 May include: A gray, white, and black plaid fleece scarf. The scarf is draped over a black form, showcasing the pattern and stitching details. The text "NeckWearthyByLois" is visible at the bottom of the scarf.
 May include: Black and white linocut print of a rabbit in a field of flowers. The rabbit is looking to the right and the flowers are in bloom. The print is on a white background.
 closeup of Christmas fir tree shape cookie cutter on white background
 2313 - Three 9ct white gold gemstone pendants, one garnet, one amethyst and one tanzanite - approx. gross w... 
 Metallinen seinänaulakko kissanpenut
--
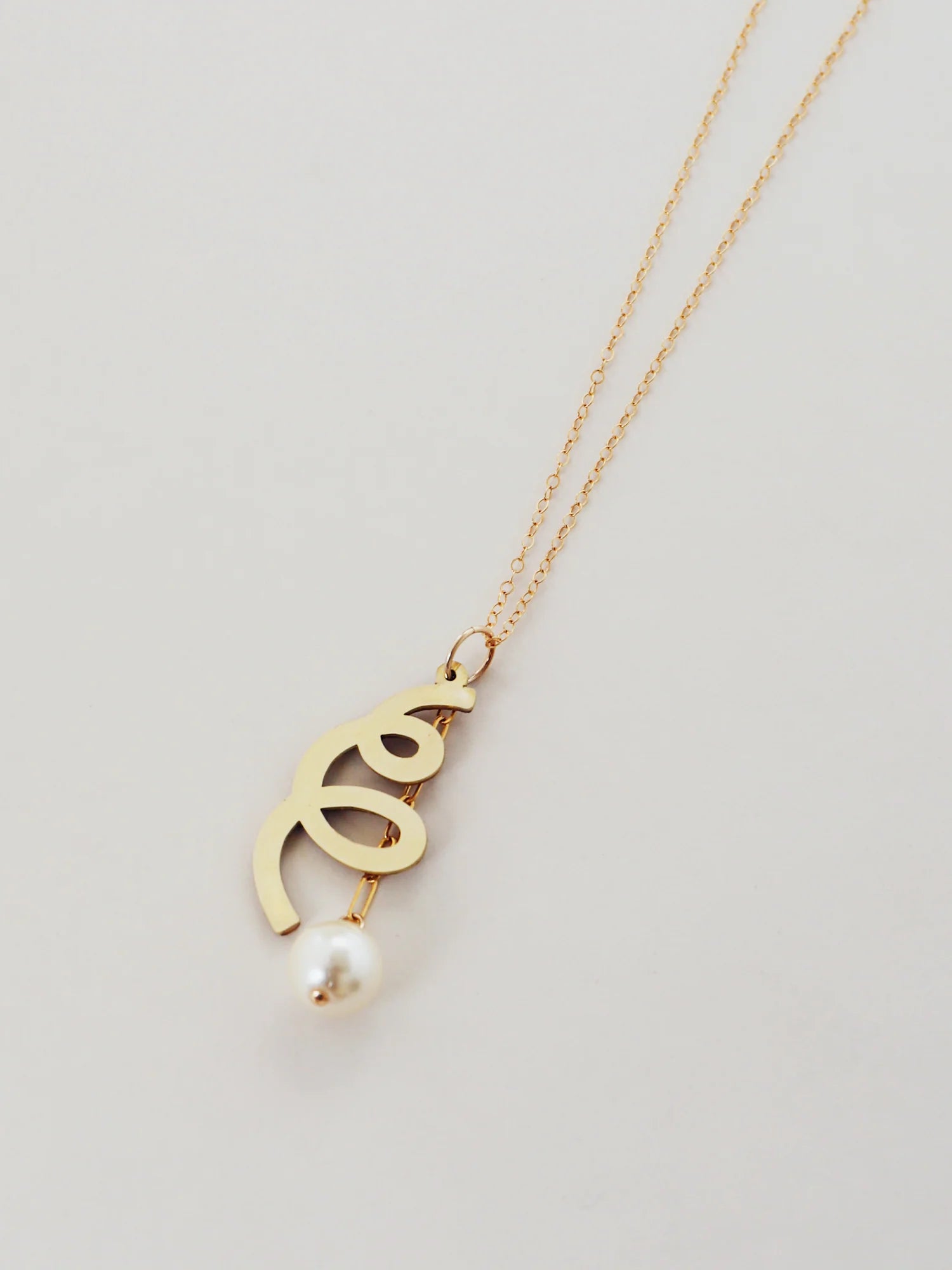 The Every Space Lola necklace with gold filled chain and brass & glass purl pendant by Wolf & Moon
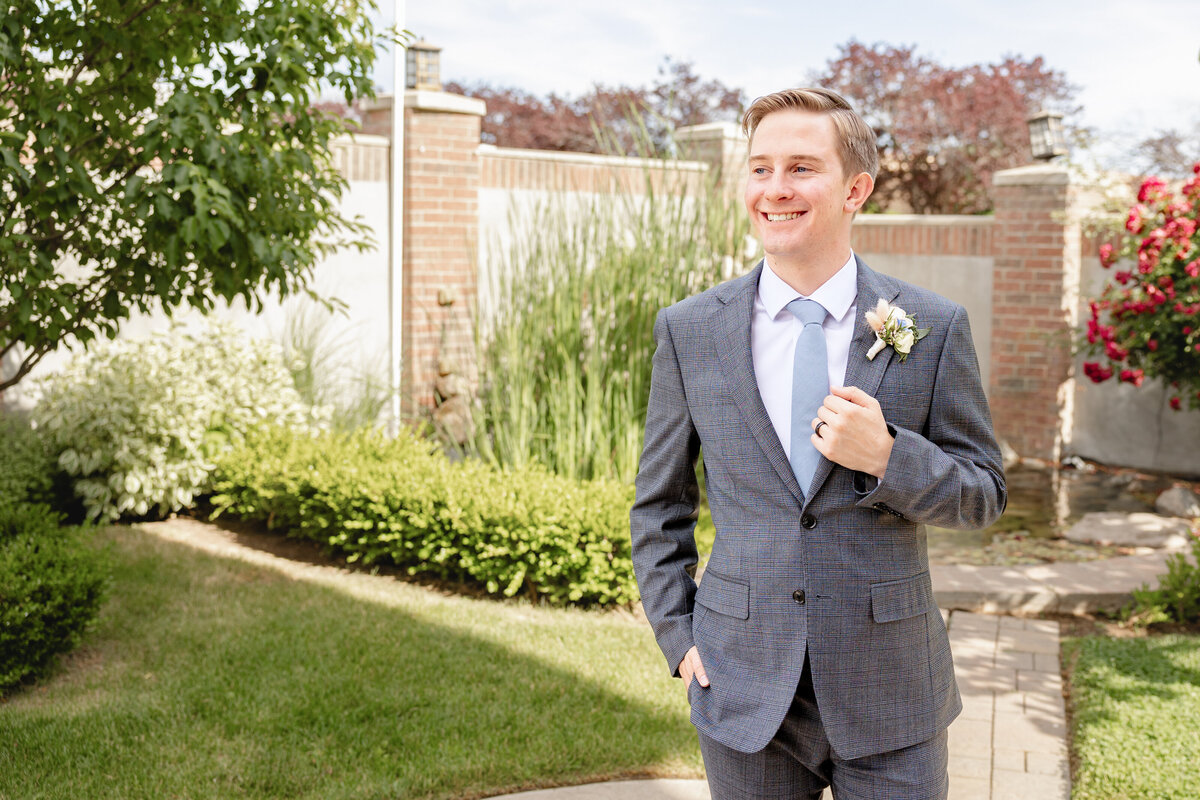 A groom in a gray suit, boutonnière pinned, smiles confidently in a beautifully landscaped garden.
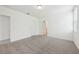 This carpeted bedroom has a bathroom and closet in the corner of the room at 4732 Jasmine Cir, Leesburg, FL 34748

Work instructions: Within the listing above, give again exactly every line from the line with "May include: A" through the line with "Metallinen seinänaulakko kissanpenut", both included, and no other line.

Answer below:
 May include: A gray, white, and black plaid fleece scarf. The scarf is draped over a black form, showcasing the pattern and stitching details. The text "NeckWearthyByLois" is visible at the bottom of the scarf.
 May include: Black and white linocut print of a rabbit in a field of flowers. The rabbit is looking to the right and the flowers are in bloom. The print is on a white background.
 closeup of Christmas fir tree shape cookie cutter on white background
 2313 - Three 9ct white gold gemstone pendants, one garnet, one amethyst and one tanzanite - approx. gross w... 
 Metallinen seinänaulakko kissanpenut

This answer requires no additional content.